Task item
In the entries that follow, find the line containing "Jars of homemade"; from there, copy every line exactly through the line containing "kitchen featuring appliances".

□ □ □ □

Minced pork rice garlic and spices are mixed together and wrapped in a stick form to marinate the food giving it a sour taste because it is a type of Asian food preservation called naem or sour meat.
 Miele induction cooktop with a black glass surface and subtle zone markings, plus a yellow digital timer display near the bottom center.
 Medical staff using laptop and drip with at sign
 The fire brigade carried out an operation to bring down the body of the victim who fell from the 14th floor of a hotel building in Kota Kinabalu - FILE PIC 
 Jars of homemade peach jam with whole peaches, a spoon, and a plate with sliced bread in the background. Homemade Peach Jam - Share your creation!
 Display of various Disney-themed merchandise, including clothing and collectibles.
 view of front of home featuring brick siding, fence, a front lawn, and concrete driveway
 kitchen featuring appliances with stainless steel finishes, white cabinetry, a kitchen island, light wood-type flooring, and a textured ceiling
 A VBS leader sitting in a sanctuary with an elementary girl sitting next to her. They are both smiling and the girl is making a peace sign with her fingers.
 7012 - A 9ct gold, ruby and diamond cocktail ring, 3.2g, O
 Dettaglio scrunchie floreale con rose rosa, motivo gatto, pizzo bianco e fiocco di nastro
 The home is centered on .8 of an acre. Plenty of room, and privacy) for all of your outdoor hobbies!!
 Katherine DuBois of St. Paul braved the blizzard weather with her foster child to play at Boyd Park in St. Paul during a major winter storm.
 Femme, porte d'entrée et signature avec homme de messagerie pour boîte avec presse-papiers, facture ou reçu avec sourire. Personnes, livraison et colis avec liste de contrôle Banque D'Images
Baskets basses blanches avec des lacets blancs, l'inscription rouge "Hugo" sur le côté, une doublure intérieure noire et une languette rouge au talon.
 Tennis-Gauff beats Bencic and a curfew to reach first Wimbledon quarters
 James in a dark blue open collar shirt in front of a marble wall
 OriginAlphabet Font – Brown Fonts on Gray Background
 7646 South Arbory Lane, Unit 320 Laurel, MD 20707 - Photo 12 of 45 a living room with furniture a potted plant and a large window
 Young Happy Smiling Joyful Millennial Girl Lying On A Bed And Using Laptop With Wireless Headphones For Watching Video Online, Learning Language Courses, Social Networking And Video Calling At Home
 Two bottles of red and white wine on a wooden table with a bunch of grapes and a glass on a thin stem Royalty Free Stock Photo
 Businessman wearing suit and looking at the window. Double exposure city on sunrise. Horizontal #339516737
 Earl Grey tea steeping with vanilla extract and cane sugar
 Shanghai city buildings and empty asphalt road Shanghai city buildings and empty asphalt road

□ □ □ □

The completed task
 Jars of homemade peach jam with whole peaches, a spoon, and a plate with sliced bread in the background. Homemade Peach Jam - Share your creation!
 Display of various Disney-themed merchandise, including clothing and collectibles.
 view of front of home featuring brick siding, fence, a front lawn, and concrete driveway
 kitchen featuring appliances with stainless steel finishes, white cabinetry, a kitchen island, light wood-type flooring, and a textured ceiling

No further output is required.